> [Instructions for the task]:
Down to the last line, repeat the entries exactly and drop any image.

BEGIN Data records

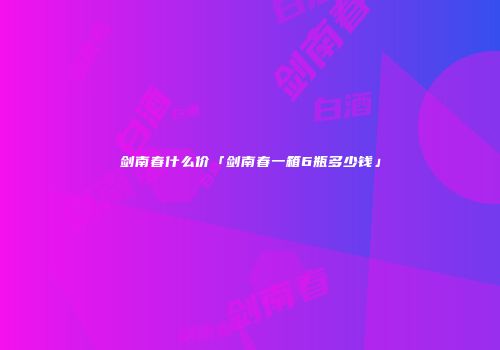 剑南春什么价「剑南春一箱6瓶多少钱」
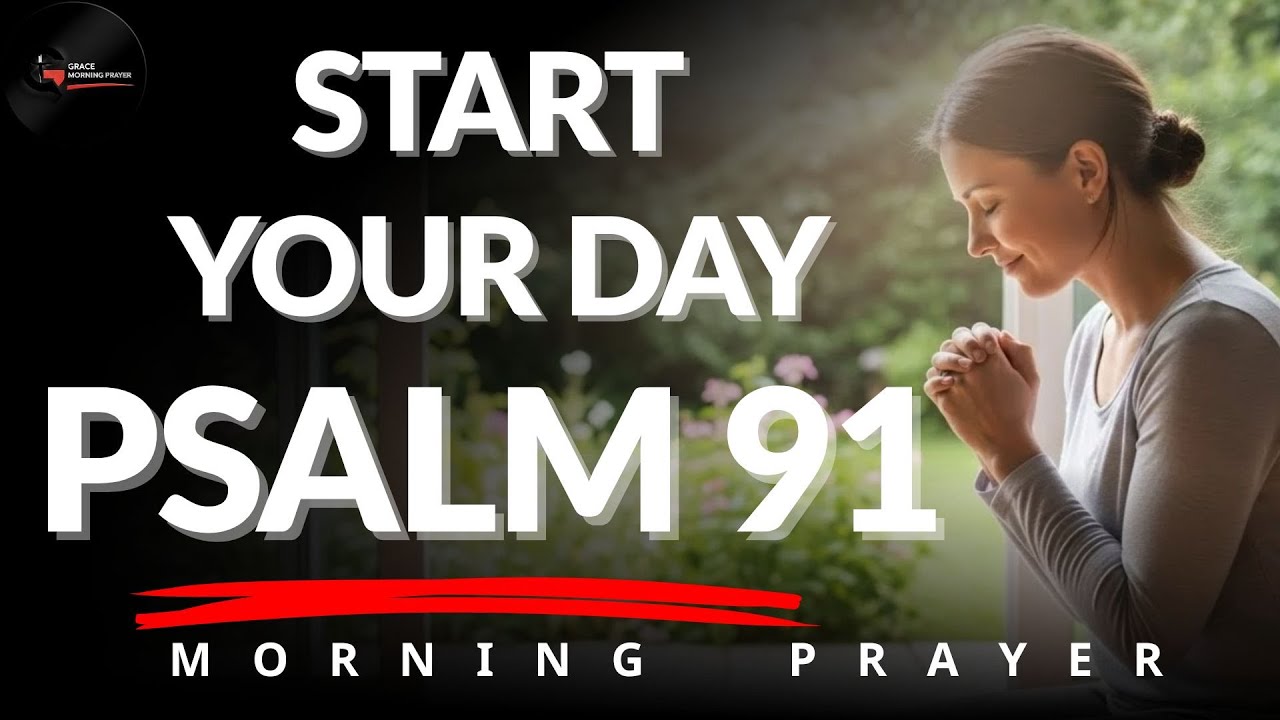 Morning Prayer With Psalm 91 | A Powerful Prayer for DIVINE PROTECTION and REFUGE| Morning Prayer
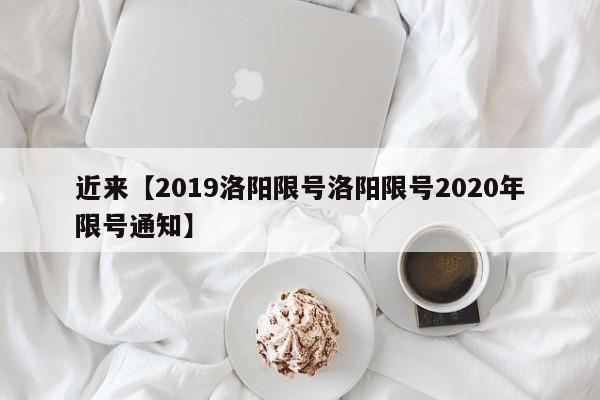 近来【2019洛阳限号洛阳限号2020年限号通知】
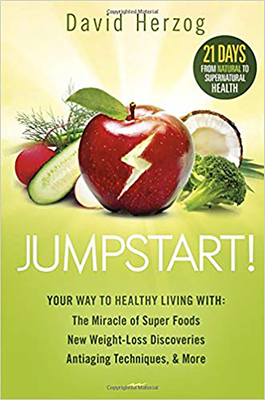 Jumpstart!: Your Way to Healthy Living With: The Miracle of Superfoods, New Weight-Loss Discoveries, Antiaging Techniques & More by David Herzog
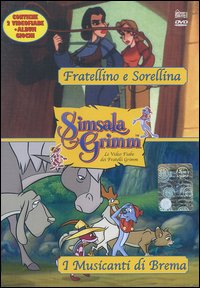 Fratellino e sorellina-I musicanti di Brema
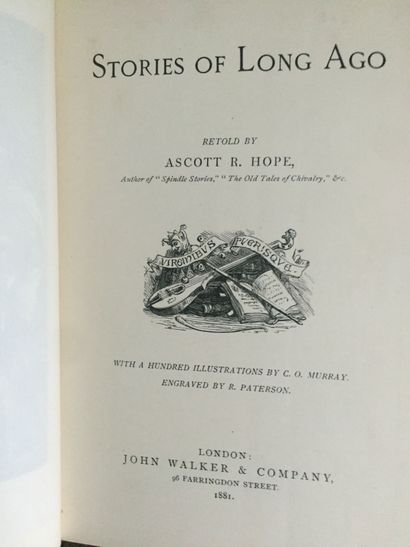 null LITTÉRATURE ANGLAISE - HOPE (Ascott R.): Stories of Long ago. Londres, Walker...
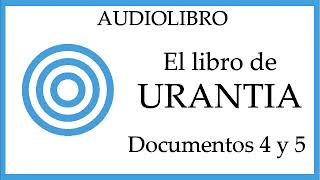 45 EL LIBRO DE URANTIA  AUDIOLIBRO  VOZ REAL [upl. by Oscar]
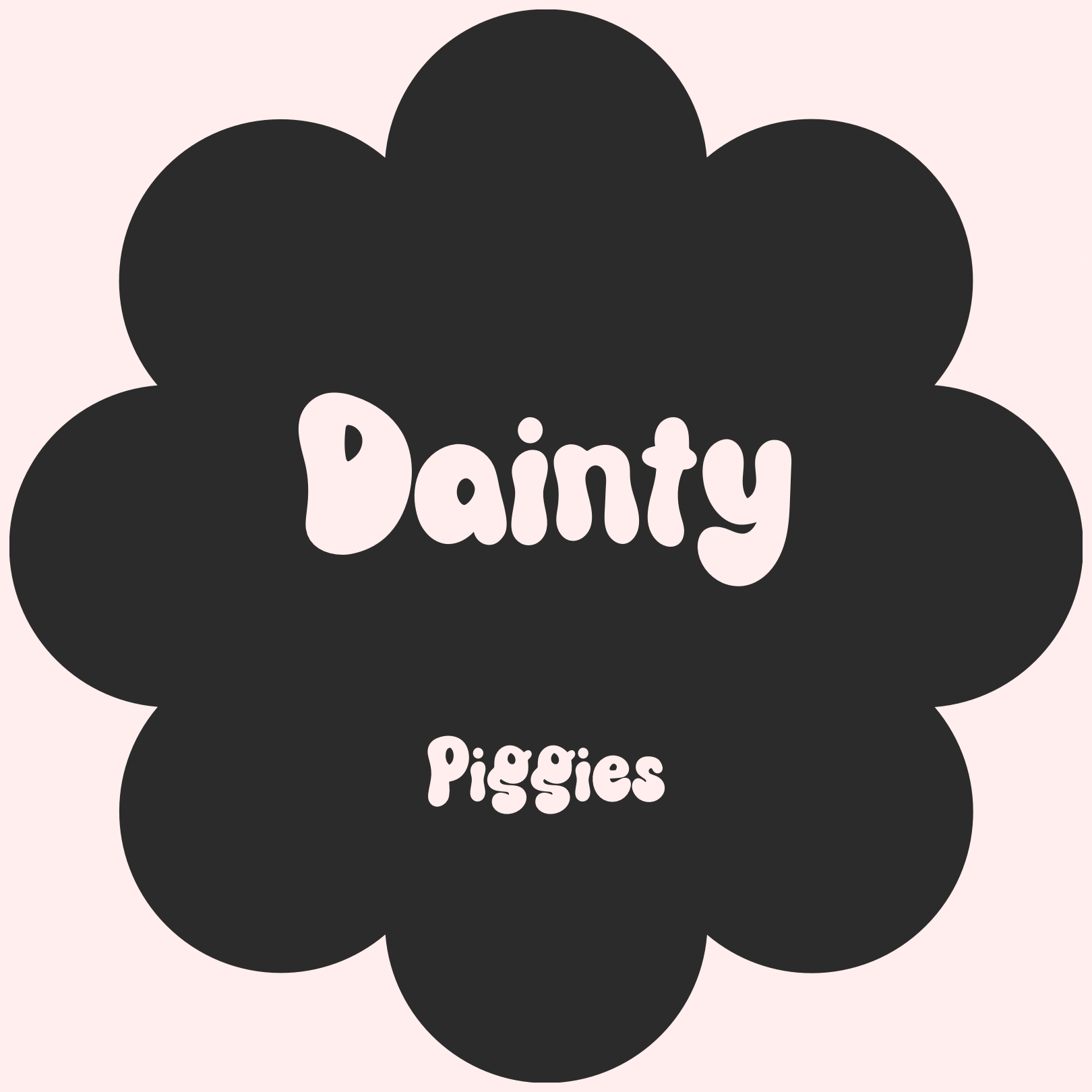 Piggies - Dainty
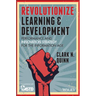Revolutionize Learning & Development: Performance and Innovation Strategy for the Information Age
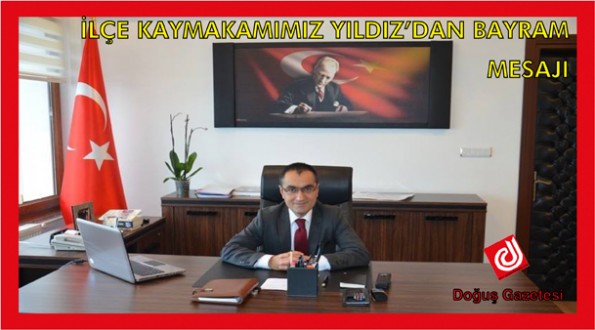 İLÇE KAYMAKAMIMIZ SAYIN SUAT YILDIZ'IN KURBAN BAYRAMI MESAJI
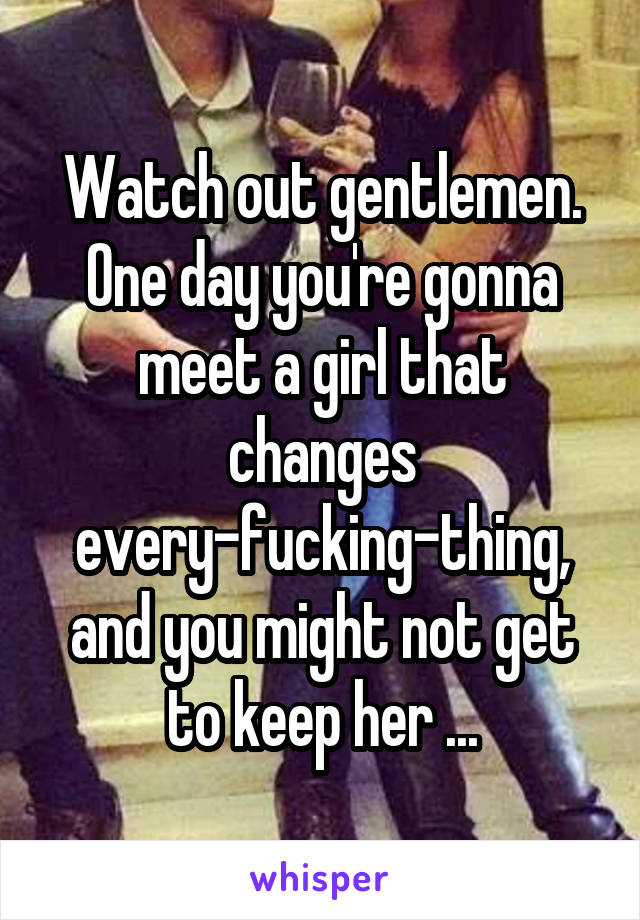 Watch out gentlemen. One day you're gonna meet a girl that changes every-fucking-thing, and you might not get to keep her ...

END Data records

> [Response to this exercise]:
 剑南春什么价「剑南春一箱6瓶多少钱」
 Morning Prayer With Psalm 91 | A Powerful Prayer for DIVINE PROTECTION and REFUGE| Morning Prayer
 近来【2019洛阳限号洛阳限号2020年限号通知】
 Jumpstart!: Your Way to Healthy Living With: The Miracle of Superfoods, New Weight-Loss Discoveries, Antiaging Techniques & More by David Herzog
 Fratellino e sorellina-I musicanti di Brema
 null LITTÉRATURE ANGLAISE - HOPE (Ascott R.): Stories of Long ago. Londres, Walker...
 45 EL LIBRO DE URANTIA  AUDIOLIBRO  VOZ REAL [upl. by Oscar]
 Piggies - Dainty
Revolutionize Learning & Development: Performance and Innovation Strategy for the Information Age
 İLÇE KAYMAKAMIMIZ SAYIN SUAT YILDIZ'IN KURBAN BAYRAMI MESAJI
 Watch out gentlemen. One day you're gonna meet a girl that changes every-fucking-thing, and you might not get to keep her ...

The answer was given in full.